Recently, Mayes was in Oregon’s capital to help battle against the Bottle Bill, which will require grocery stores to take in more recyclable containers. The company currently recycles more than 450,000 tons of material each year. “The Bottle Bill increases costs and raises a number of health and safety issues,” Mayes said. “We support recycling at curbside and redemption centers in our parking lots. We just don’t want products returned to our stores, where contamination from dirty cans and bottles could occur.”
Mayes tackles similar issues affecting Safeway’s 1,775 retail stores, located across 21 states. Despite the enormity of the job, he still makes community service a priority.

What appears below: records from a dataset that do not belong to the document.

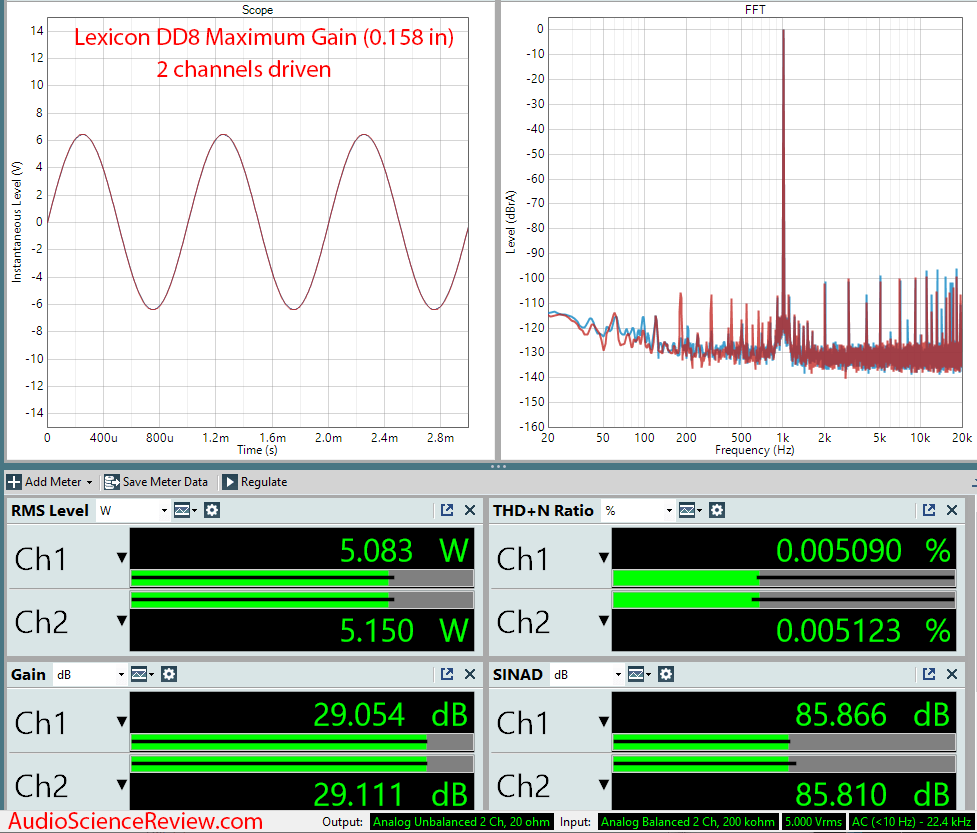 Lexicon DD8 Measurements Multichannel Amplifier.png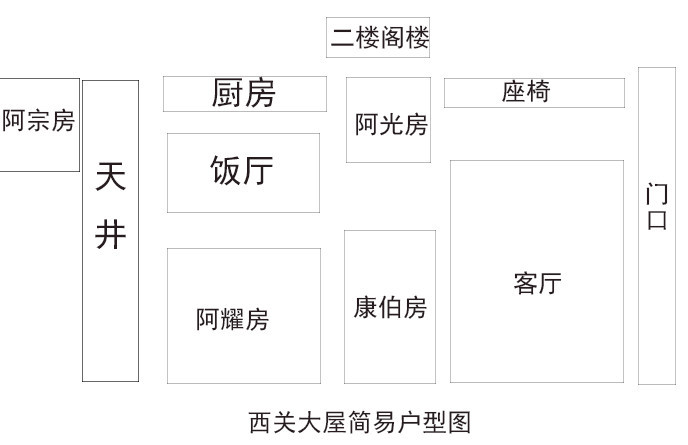 这间西关大屋总面积大概 170 平米左右 按照康家 11口常住人口算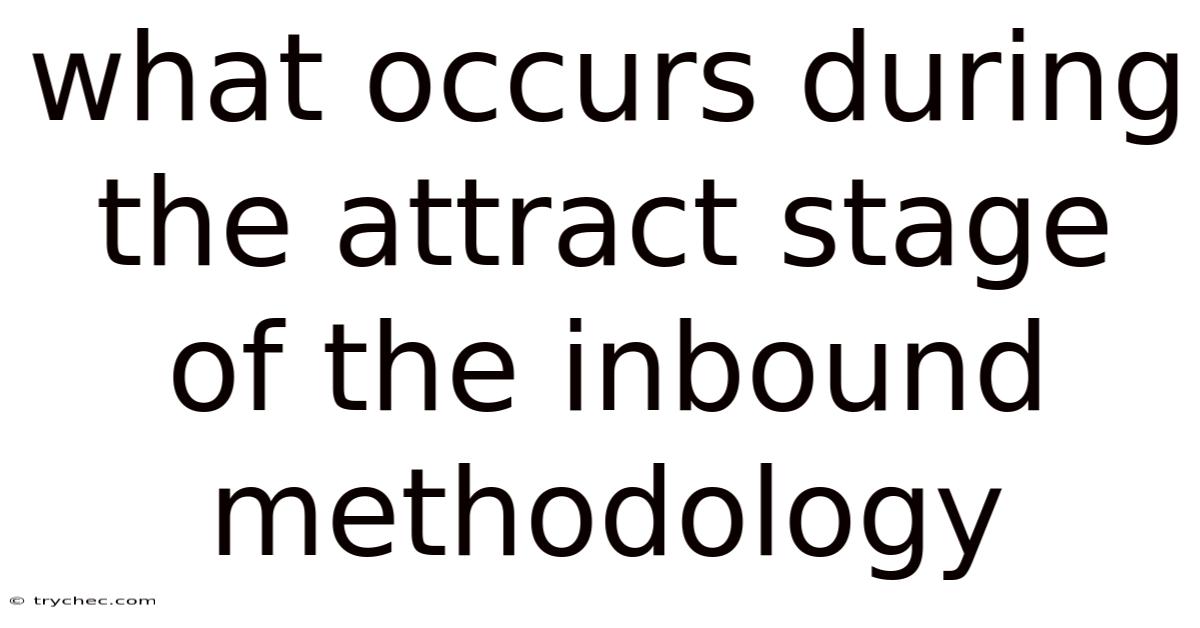 What Occurs During The Attract Stage Of The Inbound Methodology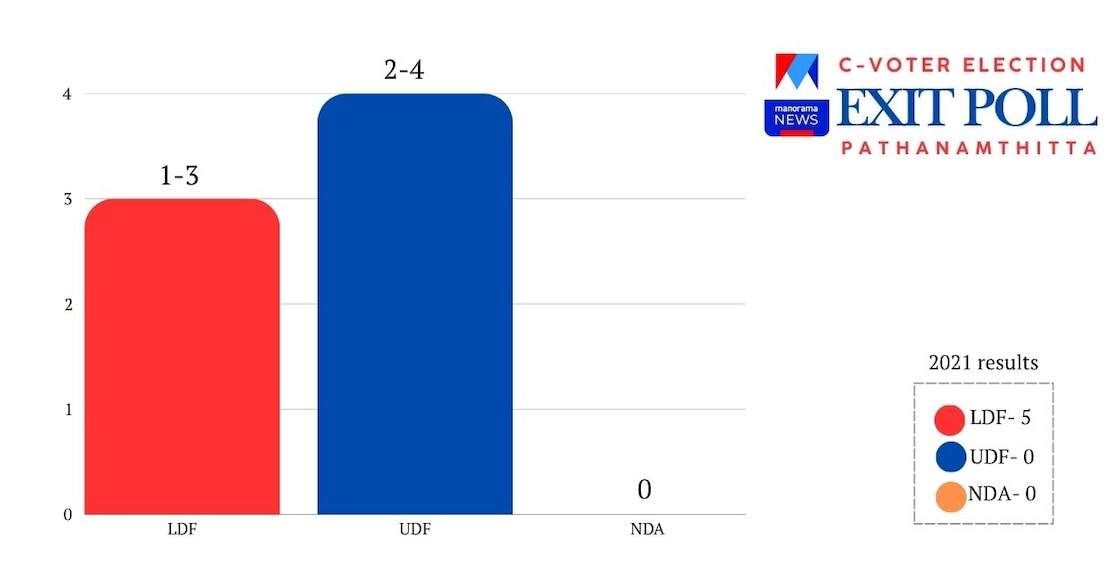 C-Voter-Exit-Poll-1248 - pathanamthitta-c-voter
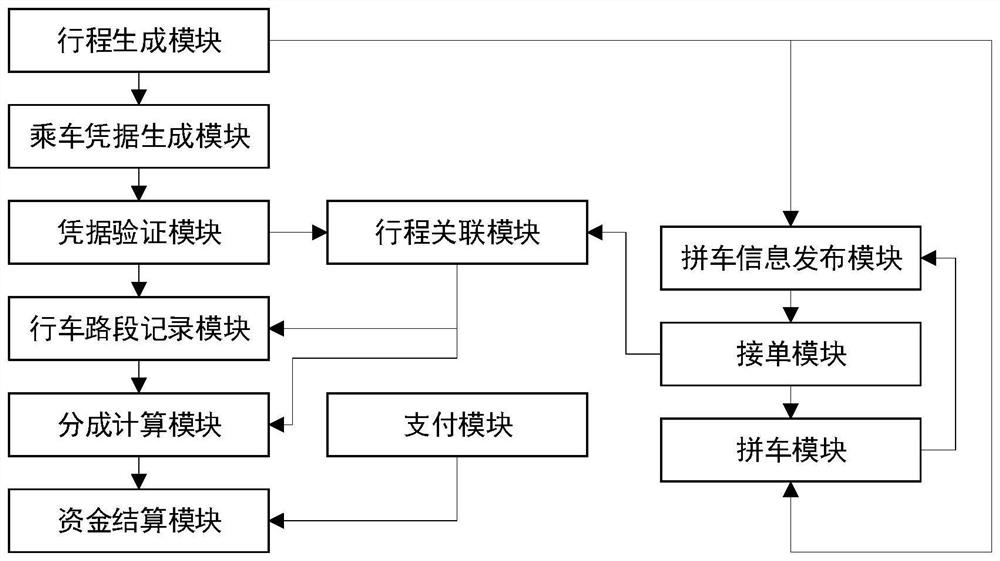 Carpooling transfer service segmentation settlement platform and method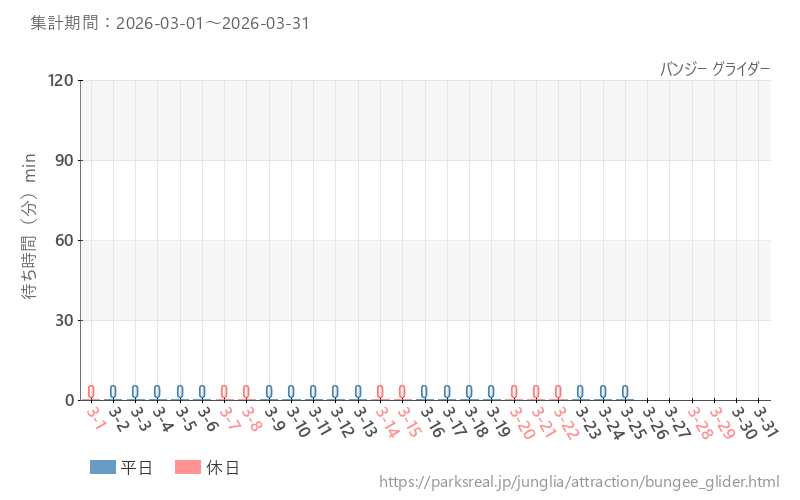 バンジー グライダー、2026年3月の待ち時間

Mayes has volunteered his time to a number of legal aid organizations in California since the early 1990s. Today, he is a board member and former chair of the Law Center for Families in Oakland, which provides low-cost legal services to the community. “I like having the ability to make a difference in people’s lives,” he said. “The greatest thing anyone can do is give to others in need.
“When I think of my life, I feel fortunate that I’ve been able to accomplish some really cool things,” he said. “But I won’t ever put my feet up and say that I’ve arrived. I’m always looking ahead to the next challenge.”
For Mayes, that may mean accomplishing one of the many items on his ‘life’s to-do’ list, which includes running a marathon every year until he turns 80.
Mayes ran his first marathon in 1987, with little training and no experience. “It was just one of those things on my to-do list,” he explained. “After the marathon, I crossed it off the list and moved on to other things. About 10 years passed before I started wondering if I trained harder and used better judgment about nutrition that I could do better.”
So 10 years after running the first marathon, Mayes trained for and ran a second, improving on his initial time. Since then, he has competed in 13 events, including three Boston Marathons.
In 2001, when a hamstring injury sidelined him from running, he decided to cross train on bicycles. “Then I realized that if I could swim, too, I could do a sprint triathlon,” he said. “When I started, I swam a quarter mile and almost drowned. I started to hyperventilate. But rather than give up, I decided, ‘I can do better.’”
And he did. The following year, Mayes competed in a half Ironman triathlon. By 2005, he had trained well enough to compete in a full Ironman competition — swimming 2.4 miles, biking 112 miles and running 26.2 miles. “I really like the challenge of it, the discipline that it takes, so I plan to compete in more of them,” he said.
“I’ve set some hard goals for myself and accomplished many of them, in business and athletics,” he said. “For me, I have to set hard goals or they just don’t count. I don’t strive for perfection, I just want to look back on my life and be able to say that I did my best.”